== Segment start ==

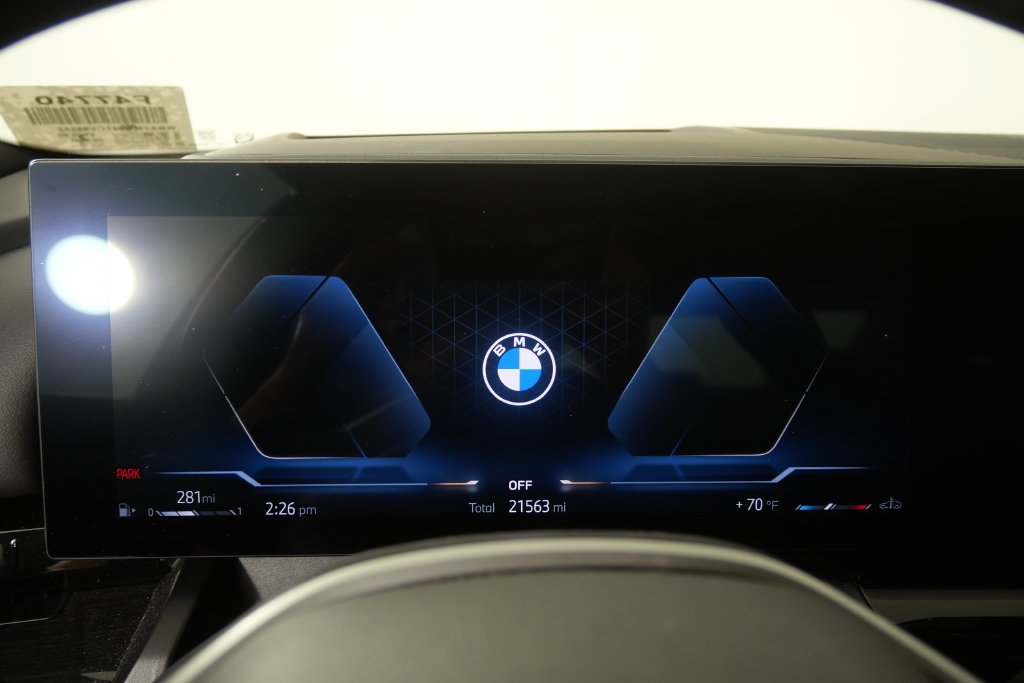 Certified Used 2026 Mineral White Metallic BMW 530i image 20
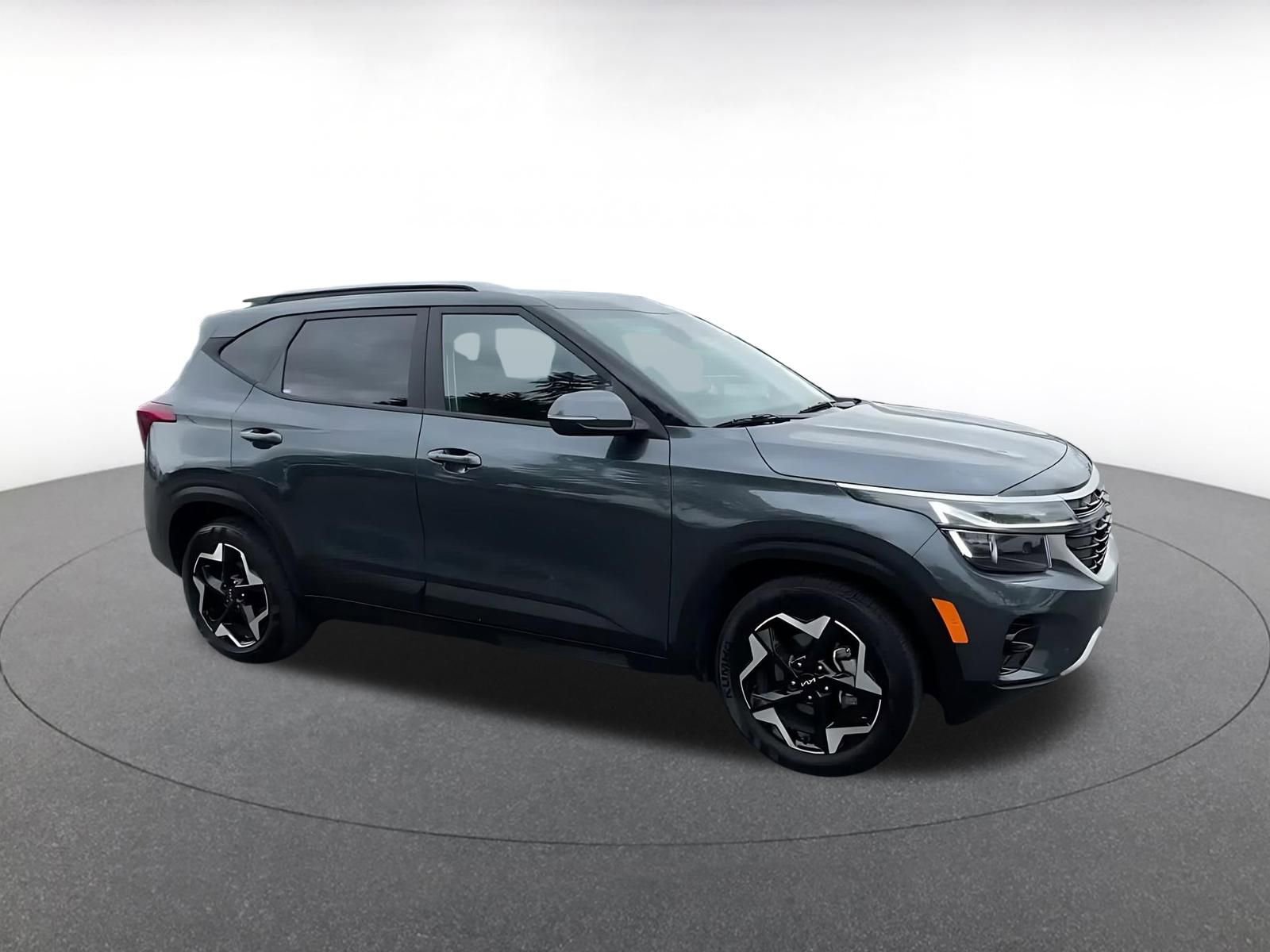 Used 2025 Kia Seltos S video 2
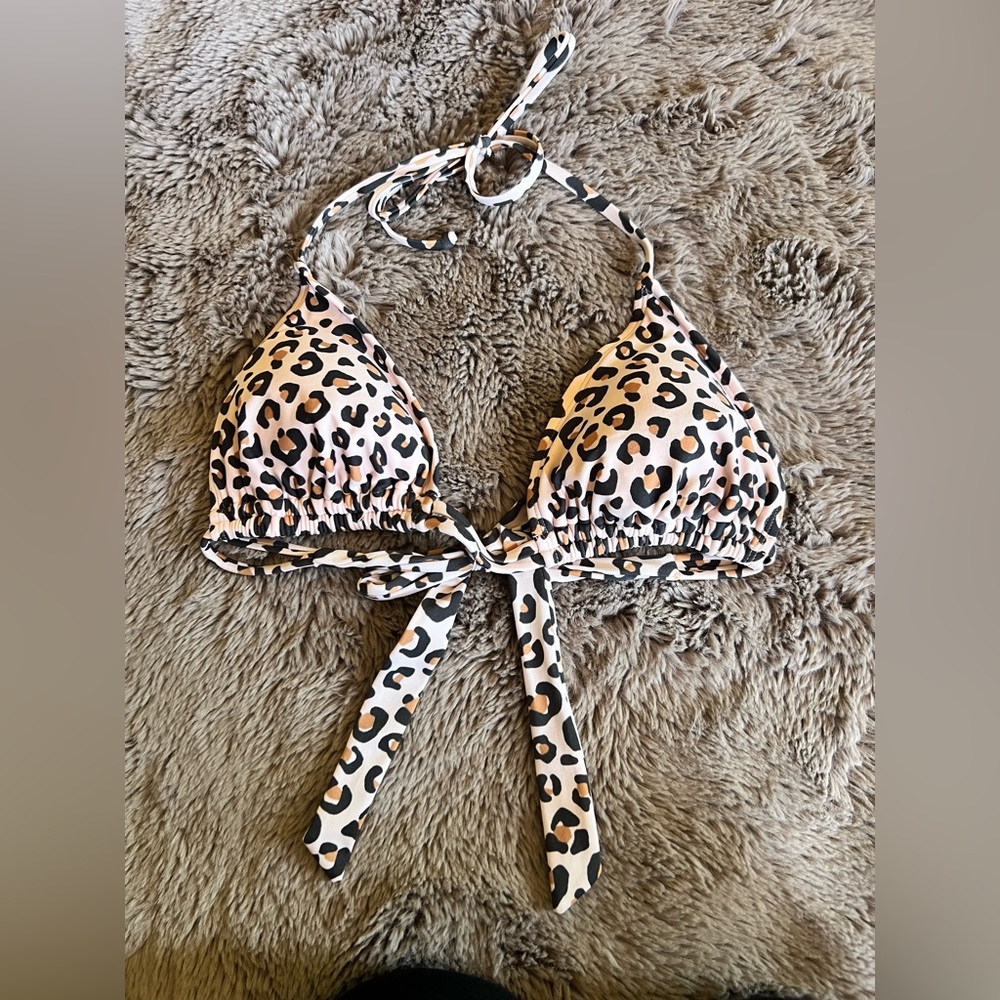 Xhileration Leopard Print Bikini Top, pale pink with black. Size M. Never worn.
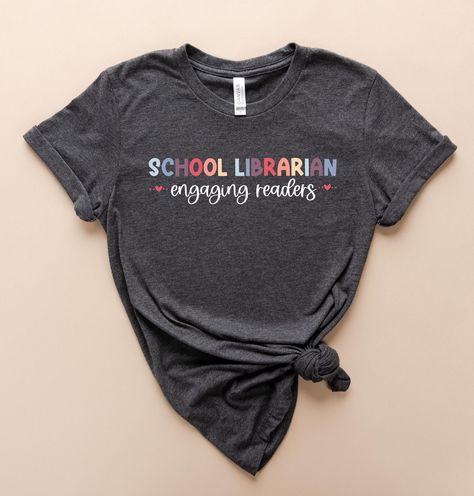 School Librarian, Engaging Readers Adult UNISEX fit 52%cotton 48%polyester Care Instructions: Please wash cold, no fabric softener and hang dry Please see size chart in listing for accurate sizing Play Therapist, Occupational Therapy Shirts, Speech Therapy Shirts, Music Teacher Gifts, Mama Tee, Teacher Tees, Music Therapy, T Shirt Photo, Occupational Therapy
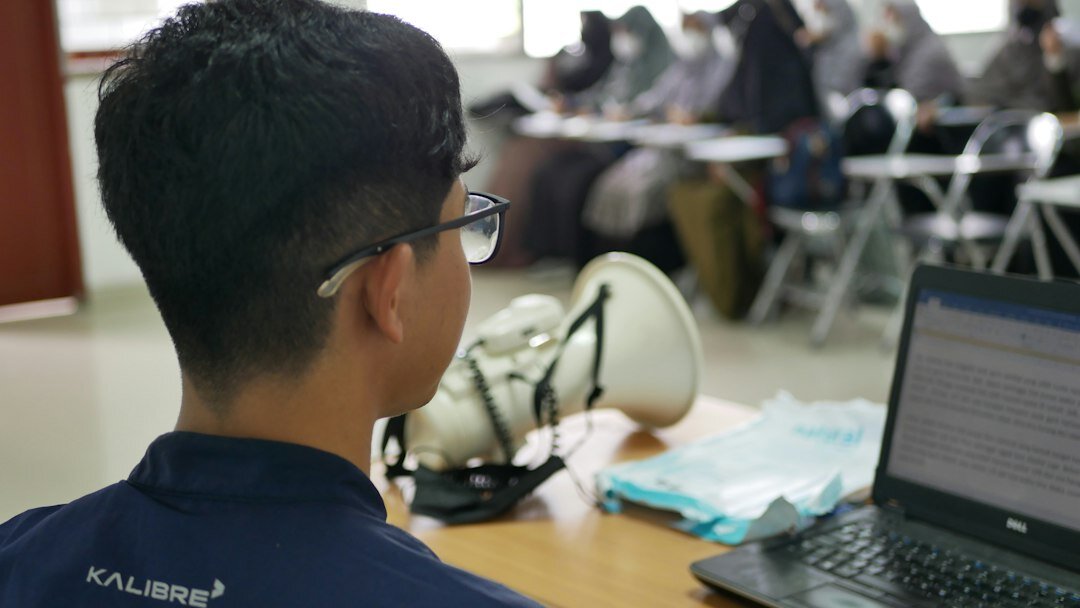 japanese students coding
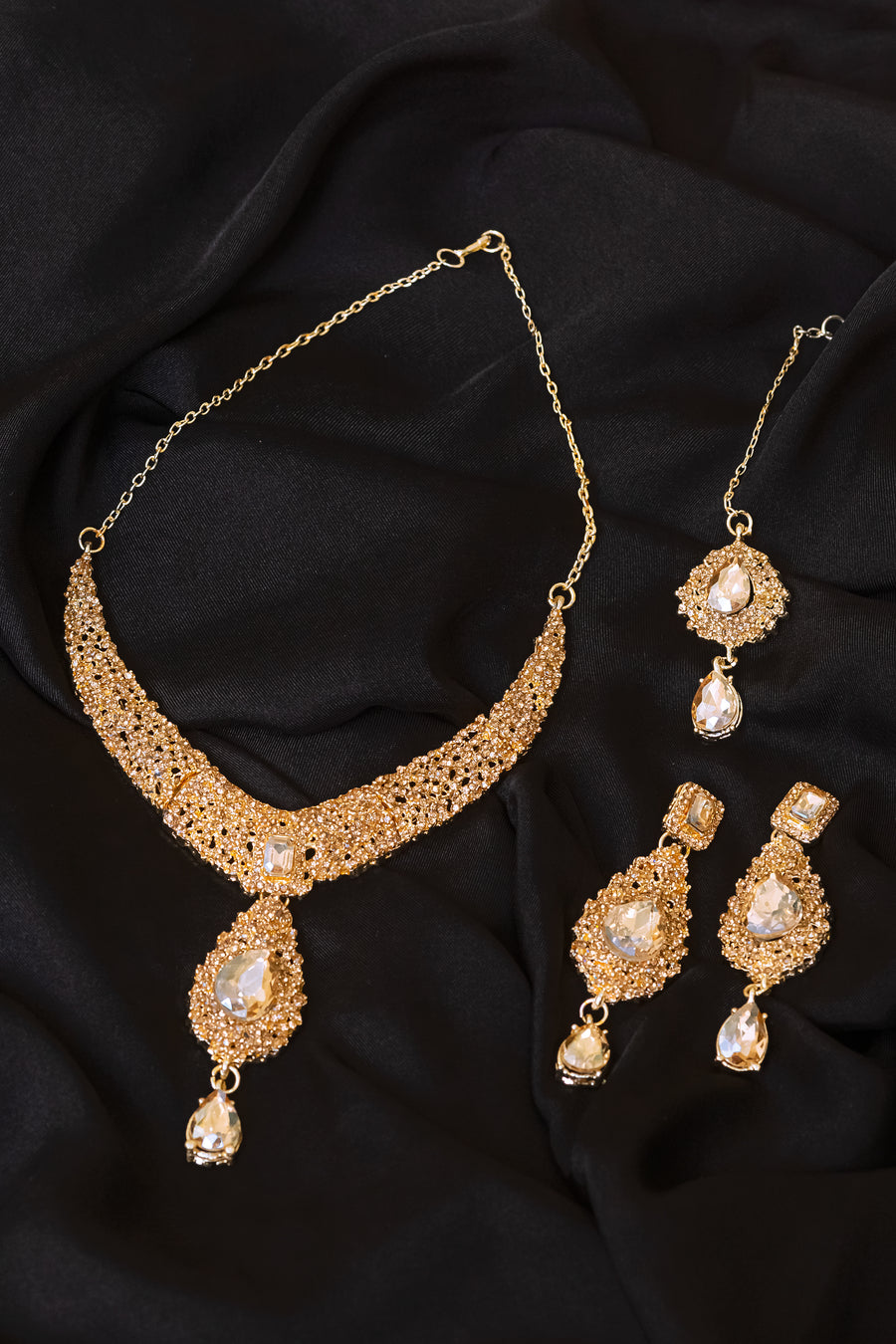 Artificial necklace and earrings Bindi- Areeba's Couture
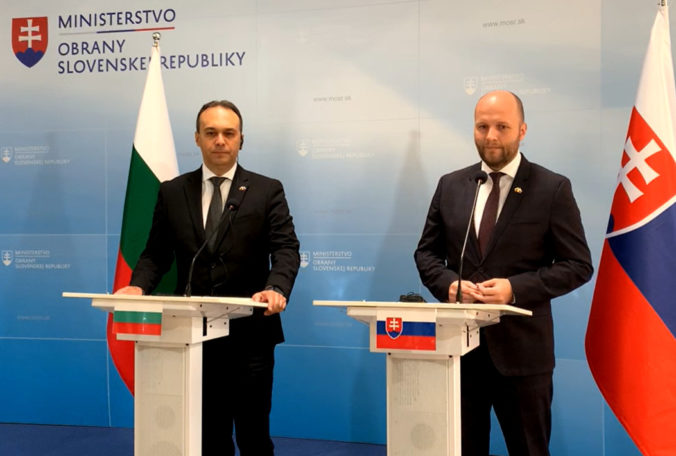 Naď rokoval s ministrom Zakovom, Slovensko a Bulharsko chcú spolupracovať v modernizácii armády (video)
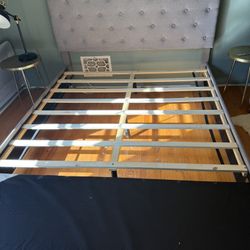 Upholstered Bed Frame 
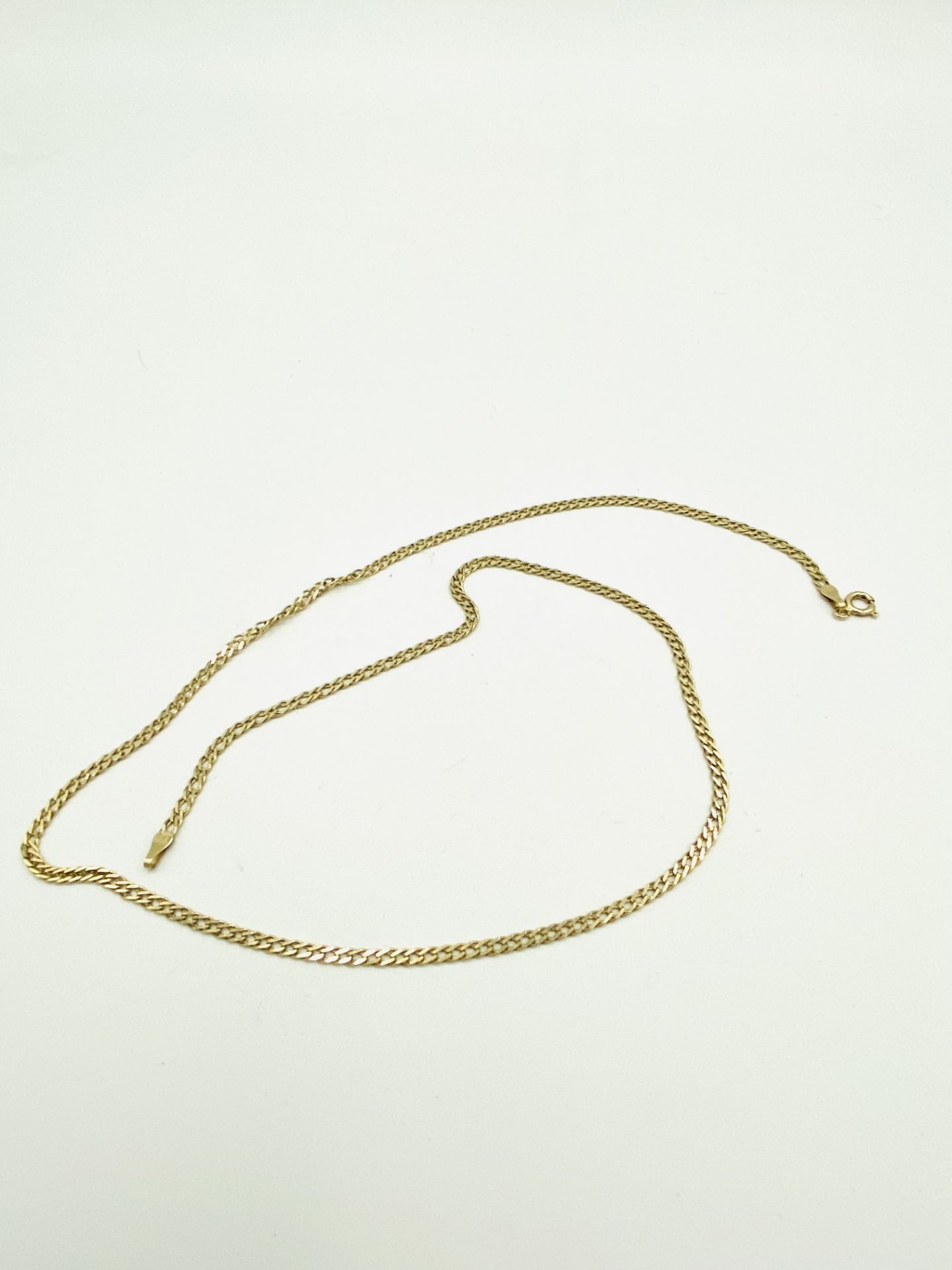9ct gold flat chain. - Image 4 of 4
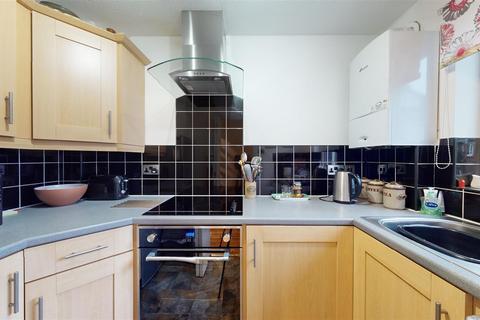 12 Shirley Close, Otley, LS21 1HF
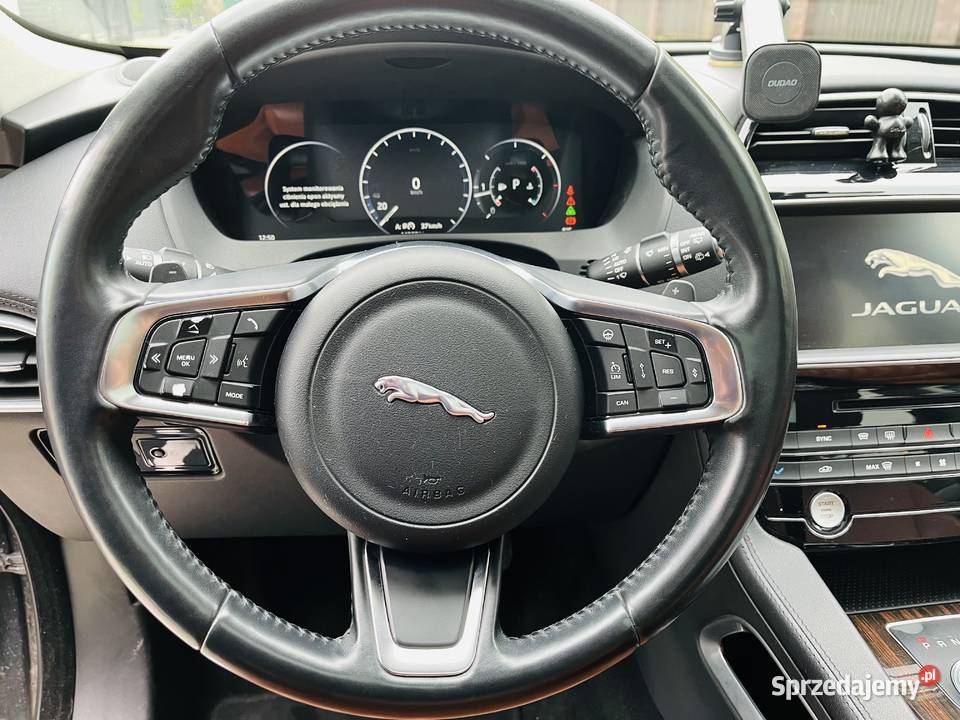 Jaguar FPace Jaguar FPace 20 241 i4D AWD MP3 F-Pace Bobrowiec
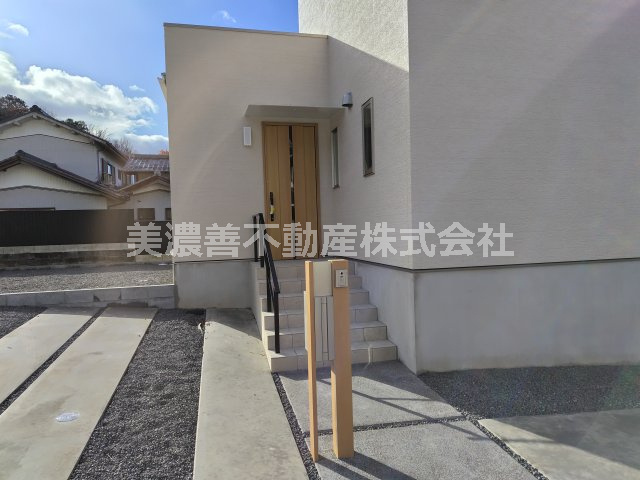 ６１５１５　岐阜市長良未使用戸建ての外観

== Segment end ==

WHAT IS BEING ASKED:
The entries above should be given again exactly, minus any pictures.

RESULT BELOW:
 Certified Used 2026 Mineral White Metallic BMW 530i image 20
 Used 2025 Kia Seltos S video 2
 Xhileration Leopard Print Bikini Top, pale pink with black. Size M. Never worn.
 School Librarian, Engaging Readers Adult UNISEX fit 52%cotton 48%polyester Care Instructions: Please wash cold, no fabric softener and hang dry Please see size chart in listing for accurate sizing Play Therapist, Occupational Therapy Shirts, Speech Therapy Shirts, Music Teacher Gifts, Mama Tee, Teacher Tees, Music Therapy, T Shirt Photo, Occupational Therapy
 japanese students coding
 Artificial necklace and earrings Bindi- Areeba's Couture
 Naď rokoval s ministrom Zakovom, Slovensko a Bulharsko chcú spolupracovať v modernizácii armády (video)
 Upholstered Bed Frame 
9ct gold flat chain. - Image 4 of 4
 12 Shirley Close, Otley, LS21 1HF
 Jaguar FPace Jaguar FPace 20 241 i4D AWD MP3 F-Pace Bobrowiec
 ６１５１５　岐阜市長良未使用戸建ての外観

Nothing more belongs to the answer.